Modulation Format Identification Method Based on Multi-Feature Input Hybrid Neural Network

A modulation format identification (MFI) method is proposed for high-speed optical fiber communication systems employing probabilistic shaping (PS) signals in polarization division multiplexing (PDM). The approach utilizes a multi-feature input hybrid neural network (MFHNN) incorporating constellation diagram features and histogram of oriented gradients (HOG) features as dual inputs. These features are trained using a multi-scale convolutional neural network (MS-CNN) and a deep neural network (DNN) to obtain corresponding feature vectors. In the fusion layer, the two feature vectors are merged and classified through fully connected layers, thus constructing an efficient MFI model. The method enhances MFI accuracy by leveraging features of different modulation formats and representations at different neural network levels.
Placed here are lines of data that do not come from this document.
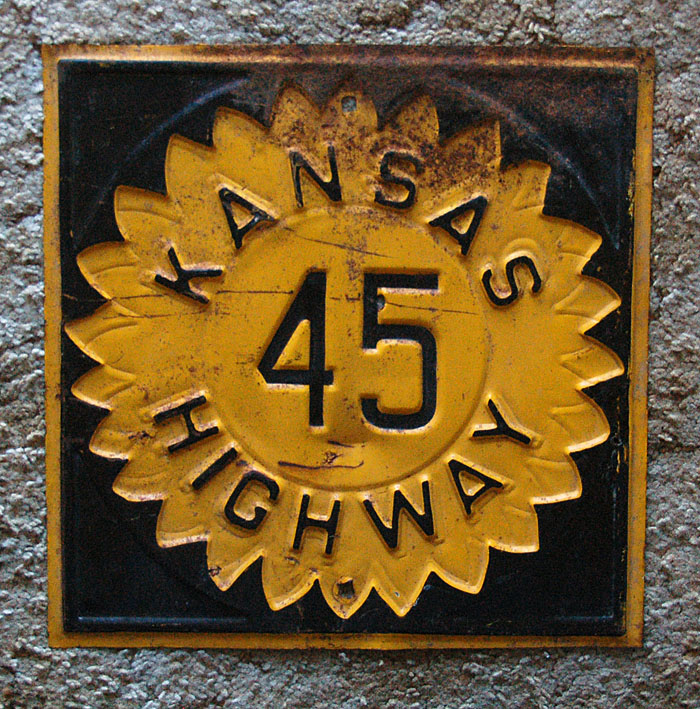 Kansas State Highway 45 sign.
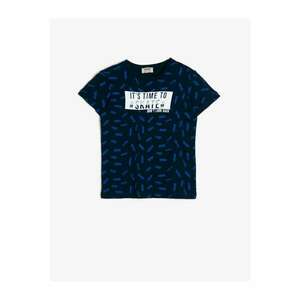 Koton Boy's Navy Blue Printed T-shirt kép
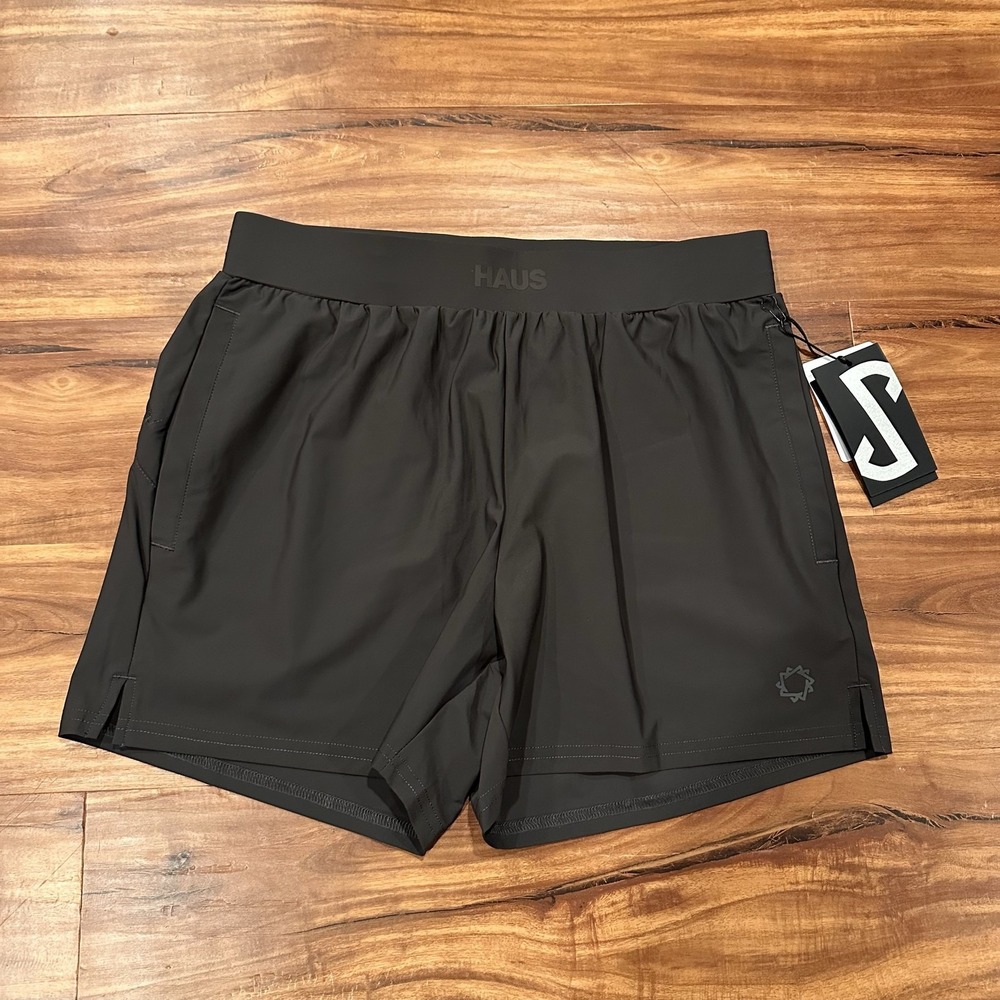HAUS Shorts Mens Small Black 7 Inseam Running Athletic Zip Pocket Gym Training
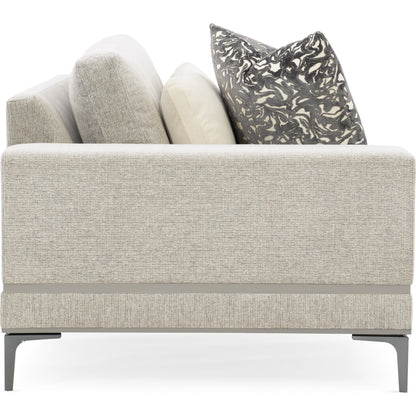 Repetition Loveseat by Caracole in zinc and london fog. Made from birch in a modern style.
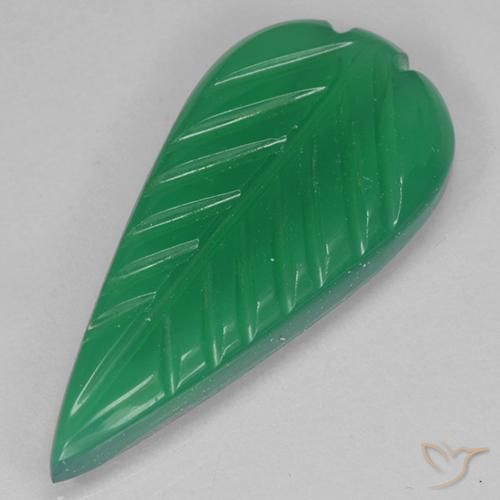 3.36ct 자연스러운 미디엄 그린 마노, 팬시한, 투명한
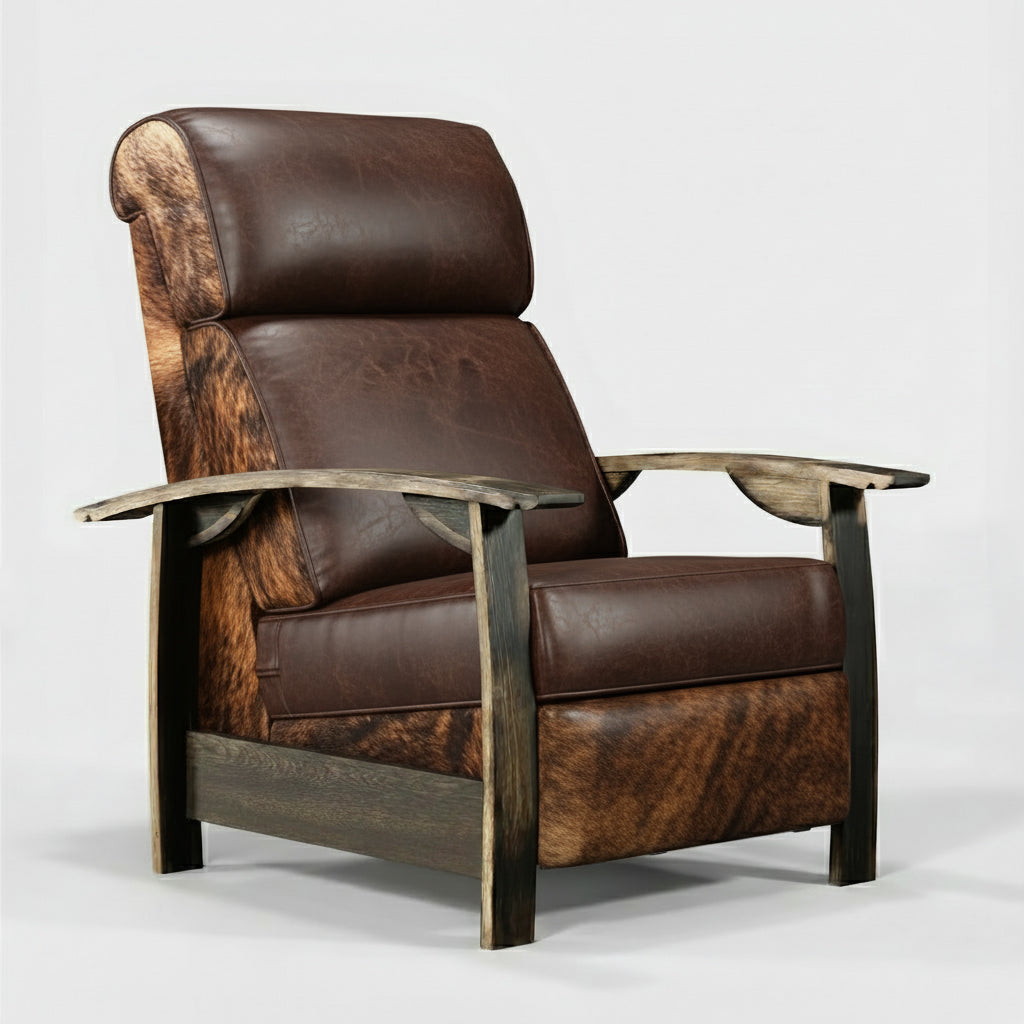 Whiskey Barrel Recliner - Brindle Hide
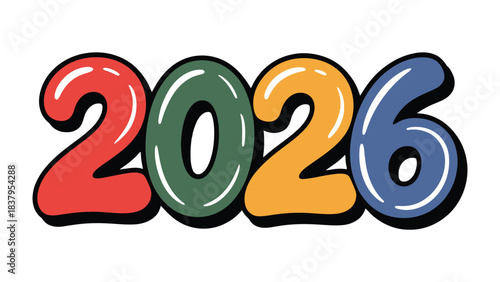 2026 Typography: A vibrant, colorful typographic representation of the year 2026, offering a sense of optimism, anticipation, and the exciting potential of the future.
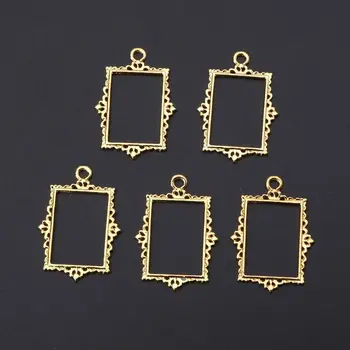 97QE 5 개 빈티지 할로우 앨범 프레임 펜던트 오픈 베젤 설정 UV 수지 보석 DIY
To validate the feasibility of the proposed method, signals are collected through the construction of a simulated PDM optical fiber communication system with a fiber length of 80 km and a symbol rate of 50 GBaud. The gathered data is then utilized with the proposed MFI to identify six PS-QAM signals (PS-16QAM with 3 b/symbol and 3.5 b/symbol, PS-64QAM with 4 b/symbol, 4.5 b/symbol, 5 b/symbol, and 5.5 b/symbol) and two uniform shaping (US) QAM signals (US-16QAM with 4 b/symbol and US-64QAM with 6 b/symbol). Simulation results demonstrate that the MFI model constructed by the proposed method achieves an overall identification accuracy of 91.6% for the eight modulation formats when the optical signal-to-noise ratio (OSNR) is within the range of 10 to 30 dB. Compared to traditional MFI methods, our approach significantly improves both MFI accuracy and convergence speed.